Last week, the International Football Federation, Fifa, sent out a letter urging the participating countries during the World Cup in Qatar to focus on football and to stop giving moral lessons.
“We know that football does not live in a vacuum and we are equally aware that there are many challenges and difficulties of a political nature around the world. But please, do not let football be drawn into every ideological or political struggle that exists,” wrote Fifa in the letter signed by President Gianni Infantino and Secretary General Fatma Samoura.
“It’s going to be politics”
In Monday’s Aktuellt in SVT, the Norwegian Football Association’s chairman Lise Klaveness criticized Fifa. She believes that the letter has the opposite effect and that not raising the political aspect of the championship is wrong.
— We are at an extremely important crossroads.
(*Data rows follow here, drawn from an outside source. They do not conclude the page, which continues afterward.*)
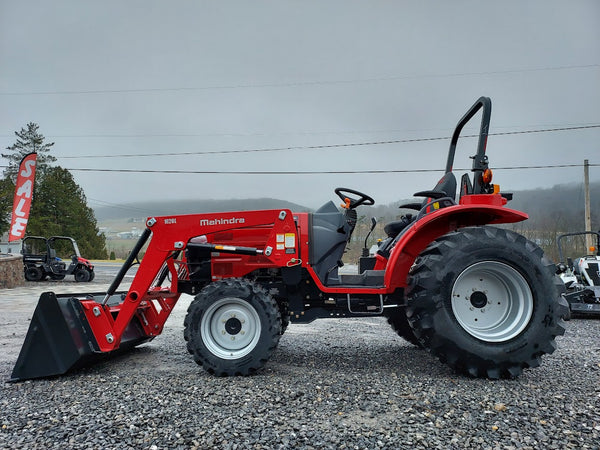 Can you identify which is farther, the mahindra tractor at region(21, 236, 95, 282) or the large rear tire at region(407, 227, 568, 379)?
the mahindra tractor at region(21, 236, 95, 282)

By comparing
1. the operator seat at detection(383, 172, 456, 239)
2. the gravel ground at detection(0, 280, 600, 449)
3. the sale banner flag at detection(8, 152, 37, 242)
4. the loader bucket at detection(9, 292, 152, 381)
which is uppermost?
the sale banner flag at detection(8, 152, 37, 242)

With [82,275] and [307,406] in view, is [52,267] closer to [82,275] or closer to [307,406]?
[82,275]

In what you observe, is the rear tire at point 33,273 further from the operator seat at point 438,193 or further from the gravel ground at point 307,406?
the operator seat at point 438,193

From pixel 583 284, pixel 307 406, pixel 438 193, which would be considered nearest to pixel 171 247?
pixel 307 406

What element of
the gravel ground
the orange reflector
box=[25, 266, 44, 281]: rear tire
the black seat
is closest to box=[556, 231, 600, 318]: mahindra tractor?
the gravel ground

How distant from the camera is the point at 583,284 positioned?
7988mm

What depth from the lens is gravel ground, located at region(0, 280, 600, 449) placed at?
246 centimetres

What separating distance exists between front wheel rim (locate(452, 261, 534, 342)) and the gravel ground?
1.43 ft

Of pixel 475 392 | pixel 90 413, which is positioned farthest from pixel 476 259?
pixel 90 413

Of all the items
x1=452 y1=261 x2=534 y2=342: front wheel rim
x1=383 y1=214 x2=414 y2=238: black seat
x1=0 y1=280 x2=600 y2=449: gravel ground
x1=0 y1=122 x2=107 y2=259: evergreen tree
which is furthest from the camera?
x1=0 y1=122 x2=107 y2=259: evergreen tree

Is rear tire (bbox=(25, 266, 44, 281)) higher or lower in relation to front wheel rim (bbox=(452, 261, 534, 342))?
lower

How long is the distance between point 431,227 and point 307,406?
6.28 ft

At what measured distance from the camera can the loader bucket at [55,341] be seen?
3.67 metres

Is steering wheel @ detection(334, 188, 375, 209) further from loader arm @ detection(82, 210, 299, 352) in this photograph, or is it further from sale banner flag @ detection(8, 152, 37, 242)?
sale banner flag @ detection(8, 152, 37, 242) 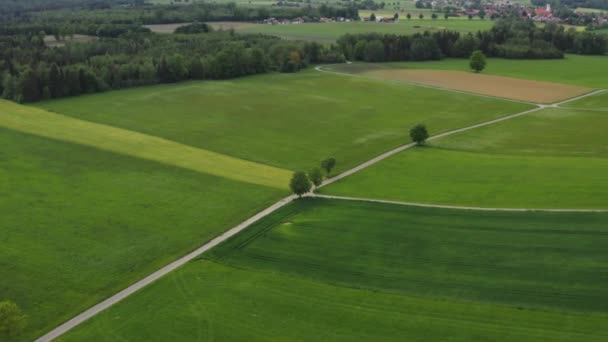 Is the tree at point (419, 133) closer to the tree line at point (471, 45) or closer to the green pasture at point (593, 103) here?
the green pasture at point (593, 103)

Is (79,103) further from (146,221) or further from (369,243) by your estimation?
(369,243)

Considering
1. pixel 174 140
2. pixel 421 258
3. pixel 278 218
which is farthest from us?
pixel 174 140

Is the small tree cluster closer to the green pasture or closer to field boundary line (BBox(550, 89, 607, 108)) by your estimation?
field boundary line (BBox(550, 89, 607, 108))

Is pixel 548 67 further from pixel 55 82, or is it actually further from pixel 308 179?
pixel 55 82

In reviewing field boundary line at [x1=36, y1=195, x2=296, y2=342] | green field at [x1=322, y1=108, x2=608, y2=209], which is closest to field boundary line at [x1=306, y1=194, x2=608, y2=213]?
green field at [x1=322, y1=108, x2=608, y2=209]

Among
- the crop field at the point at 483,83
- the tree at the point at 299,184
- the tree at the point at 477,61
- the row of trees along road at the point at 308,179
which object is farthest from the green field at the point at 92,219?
the tree at the point at 477,61

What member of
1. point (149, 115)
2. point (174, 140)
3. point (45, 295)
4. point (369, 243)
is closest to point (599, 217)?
point (369, 243) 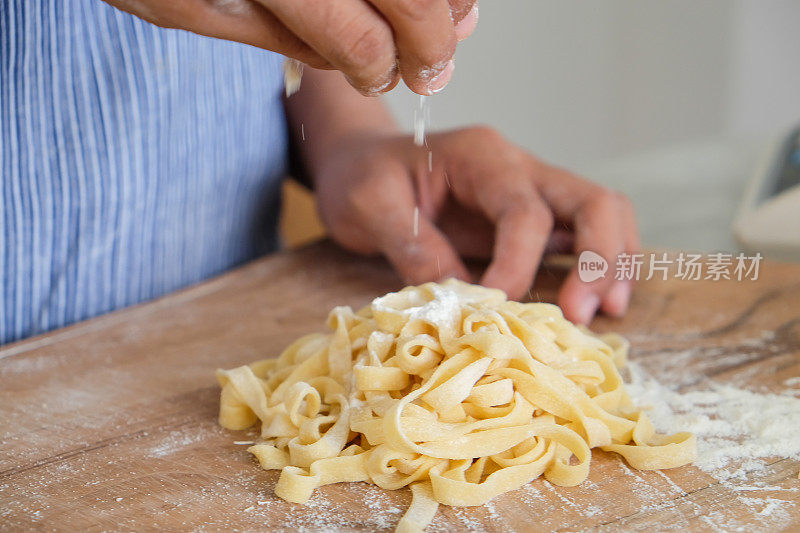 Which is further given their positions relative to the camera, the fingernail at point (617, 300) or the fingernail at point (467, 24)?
the fingernail at point (617, 300)

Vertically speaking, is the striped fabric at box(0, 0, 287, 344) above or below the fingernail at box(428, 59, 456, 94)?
below

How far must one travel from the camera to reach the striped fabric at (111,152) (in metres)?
1.33

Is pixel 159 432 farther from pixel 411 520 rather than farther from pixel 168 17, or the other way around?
pixel 168 17

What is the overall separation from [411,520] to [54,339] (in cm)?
79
As we know, this championship has brought with it an all too great risk of human rights violations, and it has been violated. And it will be politics, says Klaveness and continues:
— It’s about human life and football’s responsibility. So I think Infantino’s (Gianni) letter defeats its purpose. He wants to moderate the climate of debate and hopefully be unifying. But it defeats its purpose and becomes polarizing.
Joint statement
Fifa’s letter drew criticism from several European confederations, including from the Norwegian Football Association and SvFF (Swedish Football Association). Together with eight other European football associations, they came up with a joint statement in which, among other things, they pressed the rights of migrant workers.
The WC in Qatar will be played from 20 November to 18 December.